━━ Data
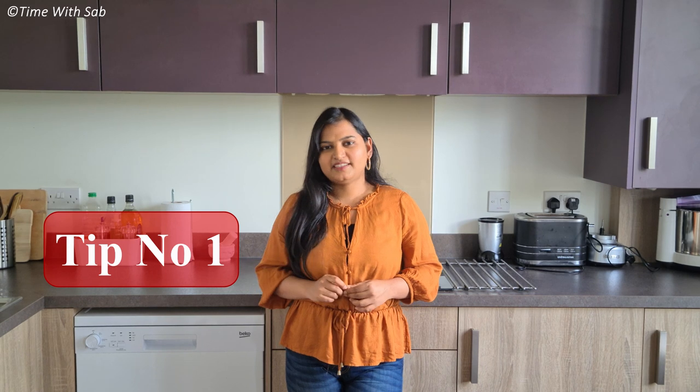If you have an effective kitchen, you can use smart ideas — cost-effective and time-saving tricks. So, without any further delay, let's get into the kitchen tips and tricks. Let's get started.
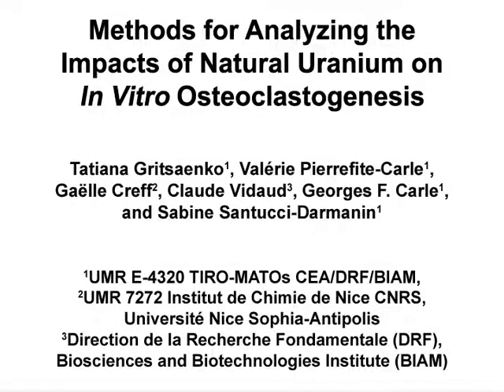The overall goal of this procedure is to investigate the effects of natural uranium exposure on osteoclast viability, differentiation, and function.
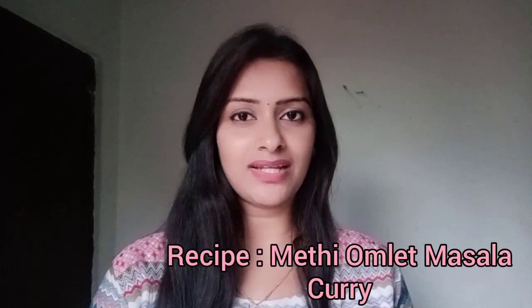Hi there, Anagha Koka here. Welcome to my food channel. Today in this video, I'll be showing you how to make a methi omelette masala curry.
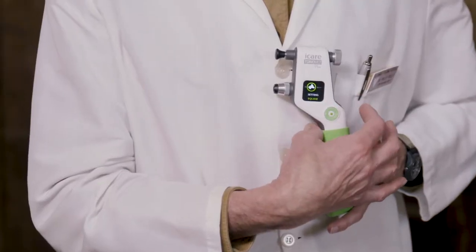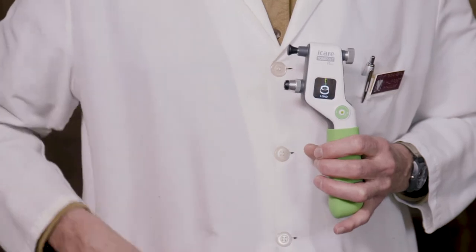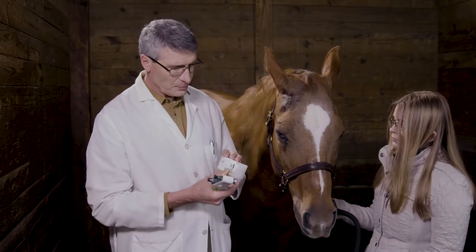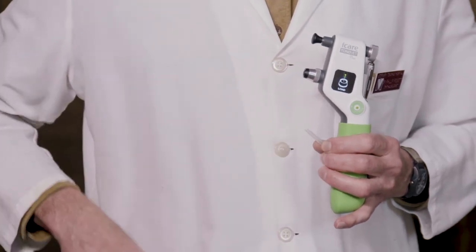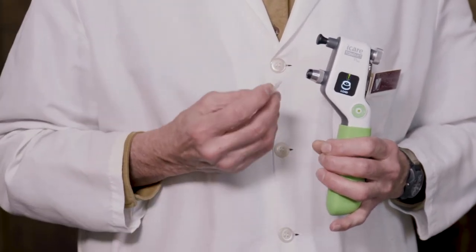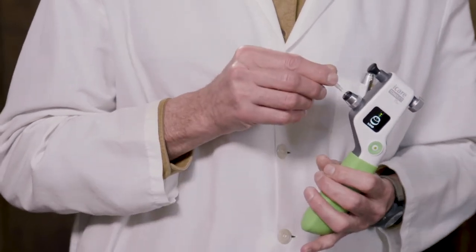When we activate this, it will tell us that we need to load the instrument. This is where we're going to load these little pins that come in separately wrapped sterile containers. Here we have the container — I'm going to take the top off and basically just drop this in.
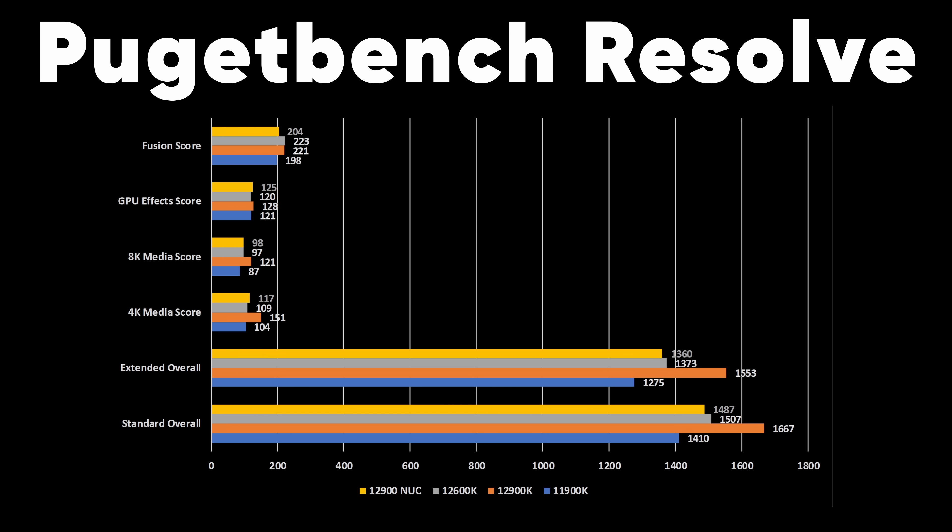I was somewhat disappointed overall looking at the streaming capabilities compared to the 12900K. This is supposedly a 12900, so it should perform similarly, but it did not. I'm assuming it's the cooling and clock speeds, which fluctuate all over the place, whereas the 12900K was locked to a really fast speed. It's fine for what this is, but I was hoping for closer to 12900K performance — though realistic expectations for this package make sense.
━━━━
**Problem statement**
Repeat exactly the lines from the first line of the records above through the line containing "Hi there, Anagha", leaving out the pictures.

**Task answer**
If you have an effective kitchen, you can use smart ideas — cost-effective and time-saving tricks. So, without any further delay, let's get into the kitchen tips and tricks. Let's get started.
The overall goal of this procedure is to investigate the effects of natural uranium exposure on osteoclast viability, differentiation, and function.
Hi there, Anagha Koka here. Welcome to my food channel. Today in this video, I'll be showing you how to make a methi omelette masala curry.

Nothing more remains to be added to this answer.